ANTHONY CHUKUMBA: That's a great question. I mean, the cloud business was actually one of the bright spots in the quarter. Growth was 37% year over year, so that actually accelerated from the growth that we saw in the first quarter. In terms of the profitability-- first off, remember we were anneversing a really tough comparison. It's just tough to continue to do 31% operating margins.
And I think that the declining profitability-- a lot of it's just a function of mix. As Amazon goes after more and more large-enterprise cloud business, that's just less-profitable business relative to getting another startup to host their servers on NWS. So it's not necessarily something that I'm concerned about.
The other thing to think about, in terms of cloud-- it's not necessarily a zero-sum game. I mean, the total addressable market is massive, and it's only getting larger as more and more companies of all sizes realize the benefits of cloud versus on premise.
- And Anthony, finally-- we're talking about Amazon today, but we've turned to you a lot over the last six months to talk about the mean trade. Obviously, somebody who used to cover GameStop. I'm just curious what you make of Robinhood's debut. You know, we saw a decline 8% yesterday. Is this just a symptom of the structure of the IPO? What's your sense on why we saw a less than stellar debut?
ANTHONY CHUKUMBA: Yeah, that's a great question. Look, I think it's a combination of a few different factors. I mean, one is that there are some real questions around the long-term sustainability of their business model, quite frankly. There's questions about pay for order flow. There's questions about crypto. And obviously, they're trading a lot of crypto. But who knows what's going to happen with that, if crypto remains under pressure.
And then, it almost seems like with some individual investors there was almost like a backlash. It was almost like their chance to get revenge on Robinhood for what happened in January, when they had to restrict trading in mean stocks.

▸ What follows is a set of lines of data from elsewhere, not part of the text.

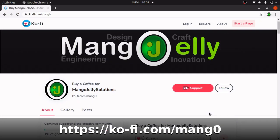If you like this video, please hit a like and subscribe to the channel. I also have a Ko-Fi site where you can donate — that's at ko-fi.com/mang0.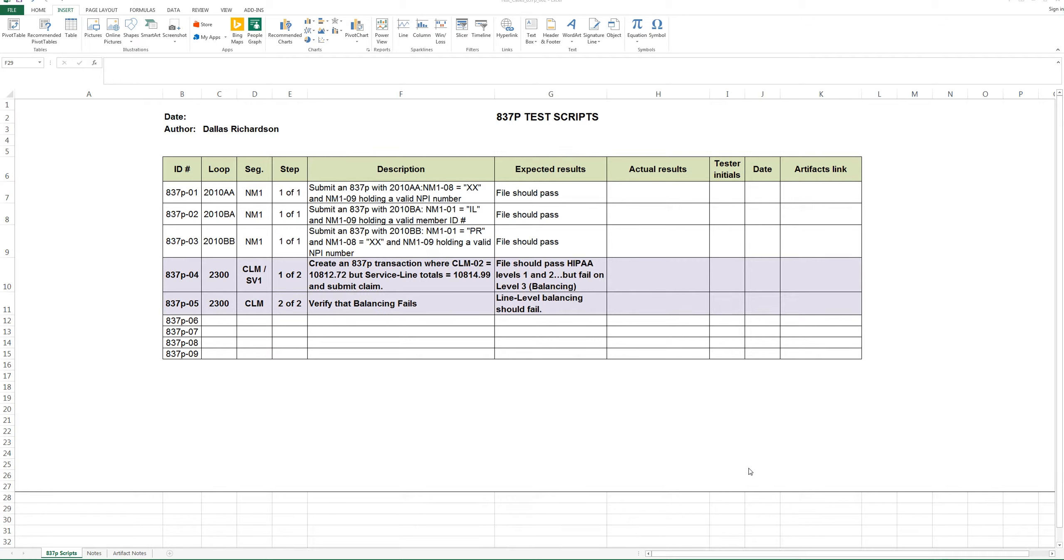This video is going to cover how to build a test script and execute one. It's going to be a brief video, so I'll jump right in.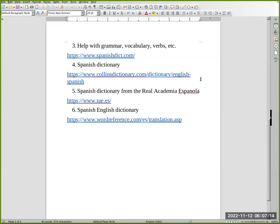Number four: Spanish Dictionary. Go to www.collinsdictionary.com/dictionary/english-spanish.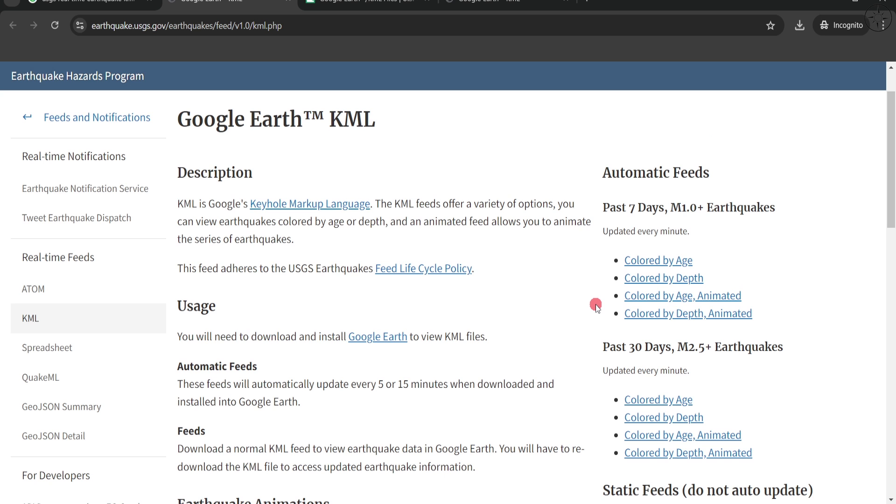In our case, we are going to go with automatic feeds in order to get the updates, and we are going to download the past seven days. For the coloration, you can choose between several options.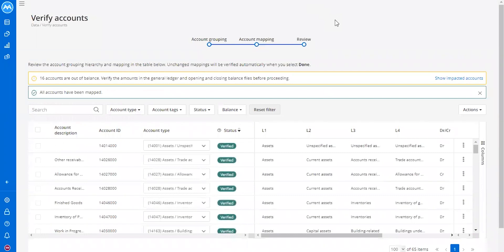The newest screen that we've also added here is the ability to review the account grouping and the account mapping all within one screen.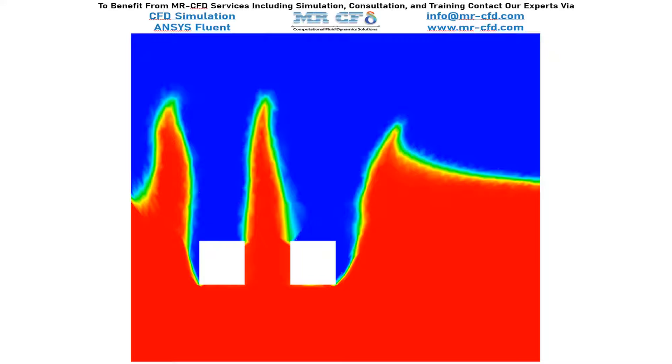Sloshing occurs when a partially filled reservoir with fluid is subjected to permanent or transient external forces. The liquid's free surface moves and hits the tank walls and exchanges forces with its walls.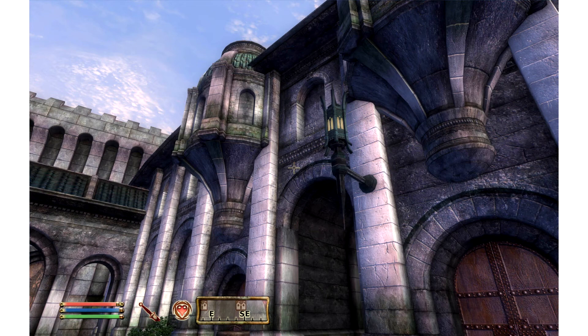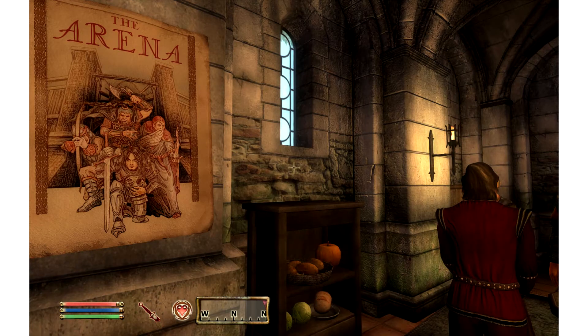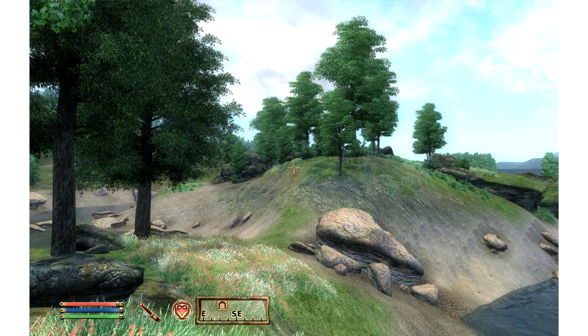Modder Kuzja80 has released a must-have texture pack for The Elder Scrolls IV: Oblivion. This HD texture pack upscales the default textures, is 19.5GB in size, and is a must-have for all Oblivion purist fans.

Now what these individual investors don't understand-- well, quite frankly, there's a lot of things they don't understand-- but that was not Robinhood's decision. I mean, it was based off of the companies that were clearing their trades. And they just didn't have the collateral. And they raised a bunch of money, in a very short period of time, to alleviate that.
But a lot of these individual investors don't see that. And they're actually shorting Robinhood stock. So it'll be interesting to see how this plays out, going forward.
- OK, we'll be watching. Anthony, it's always good to have you on. Anthony Chukumba, Loop Capital Managing Director.